= List of ornaments =

Ornaments are a decorative embellishment to music, either to a melody or to an accompaniment part such as a bassline or chord. Sometimes different symbols represent the same ornament, or vice versa. Different ornament names can refer to an ornament from a specific area or time period. Understanding these ornaments is important for historically informed performance and understanding the subtleties of different types of music. This list is intended to give basic information on ornaments, with description and illustrations where possible. Ornaments are used in Western classical music, Western popular music e.g., (rock music and pop music) and traditional music (e.g., folk music and blues) and in other world music and classical music from the eastern and Southern Hemisphere continents.

==A==
- Accent can refer to any stressed or emphasized note, such as sforzando. It was used to indicate an ornament until the 18th century. In German Baroque music it occurs in J. S. Bach's ornament tables as a stressed appoggiatura, indicated by a half circle or "C" in front of a note. This ornament was continued in French Baroque ornament tables.
- Accent und Trillo, German, used mainly by J.S. Bach, a trill prepared by an accented note. Generally indicated by a trill sign (jagged line) with a descending line at the beginning.
- Accento (pl. accenti) Italian, a popular vocal ornament, used in the late Renaissance and early Baroque; Lodovico Zacconi and Giovanni Battista Bovicelli, Giulio Caccini was a big proponent of its use. Consists of a dotted figure used to fill in or expand an interval or connect two longer notes. Generally improvised or written out literally.
- Appoggiatura in Italian, in French appoggiature and German Vorschlag. Leaping up or down in pitch to an accented dissonant note, followed by a consonant resolution, generally by step downward. Very common in recitative, particularly in Baroque and Classical music. May be notated or improvised. Often used to express a "yearning" emotion.
- Accentuirte Brechung German, a broken chord with an added passing tone.
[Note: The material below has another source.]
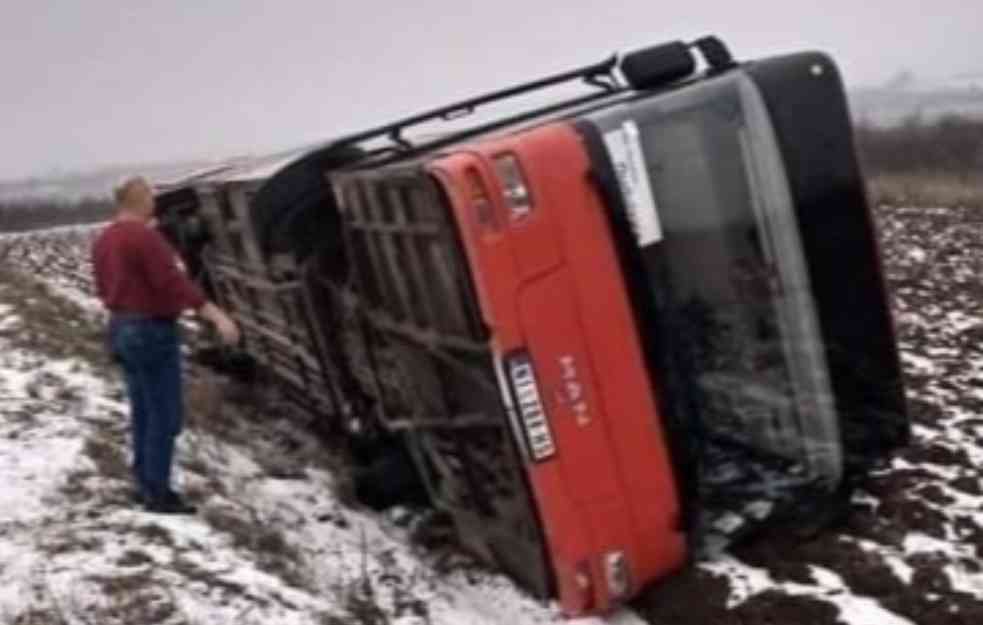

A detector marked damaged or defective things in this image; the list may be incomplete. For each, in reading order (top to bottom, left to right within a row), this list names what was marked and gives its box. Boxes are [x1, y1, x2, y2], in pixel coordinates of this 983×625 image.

overturned bus [160, 36, 908, 616]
Used by Bach, described by Marpurg and Kirnberger, similar to the French coulé. Sometimes indicated by a slash between two noteheads.
- Acciaccatura In Italian; French - pincé étouffé; German - Zusammenschlag.
- Andolan is an ornament in Hindustani music that consists of a gentle oscillation of pitch around a musical note
- Arpeggio is a chord that is played or sung one note after the other, rather than all of the notes at the same time.

==B==
- Bebung is a type of vibrato used on the clavichord, a Baroque music era keyboard instrument.

==C==

- Cambiata
- Changing tone
- Cran

==E==
- Echappée

==F==
- Fall: Generally a Jazz ornament meaning to play a note as written, then descend in pitch without emphasizing specific notes (approximating a downward glissando with no ending pitch).
- Finger vibrato

==G==

- Gamak: Means "ornamented note", from Sanskrit. Gamaks involve the variation of pitch of a note, using heavy forceful oscillations between adjacent and distant notes.
- Glissando: A glide from one pitch to another.
- Gruppetto: A trill or turn.
- Grace note: Music notation used to denote several kinds of musical ornaments, usually an appoggiatura or an acciaccatura, depending on interpretation.

==L==

- Legato

==M==

- Meend: A glide from one note to another in Hindustani music.
- Mordent: Ornament indicating that the note is to be played with a single rapid alternation with the note above or below.

==N==

- Neighbor group

==P==

- Portamento
- Pralltriller
- Pull-off

==R==
- Ribattuta di gola: Trill on a long-short dotted rhythm accelerating to end on either a tremolo or a regular trill.
- Roll
- Rubato: To 'rob' part of the duration from one note and give it to another.

==S==
- Slide

==T==
- Timbre
- Tremolo
- Trill German – Triller, Italian – trillo, Spanish – trino, a rapid alternation in pitch, generally from a main pitch and one a step or half-step above or below it. There can be differently-named variations within this general type.
- Turn

==V==
- Vibrato Italian, a fluctuation in pitch, volume, or both, generally applied to vocal music. Later used for left-hand technique on bowed strings, and with breath vibrato on wind instruments. It is either used constantly or used as an ornament, depending on repertoire. When used as an ornament, it is generally improvised, although some 17th-century English and French sources indicate a dot over a note should be used. Giuseppe Tartini discussed it as one of the four Graces. There are many terms which can be understood to refer to what is now called vibrato. It is believed that vibrato has been used in European music since medieval times, and went through several cycles of popularity.

==W==

- Warble. A distinctive ornament of some Native American flutes, particularly traditional flutes, that is created by steady breath pressure on the fundamental note of the instrument. A phase shift occurs between different harmonics of the note, an effect that can be observed on a spectrograph of the sound of a warbling flute.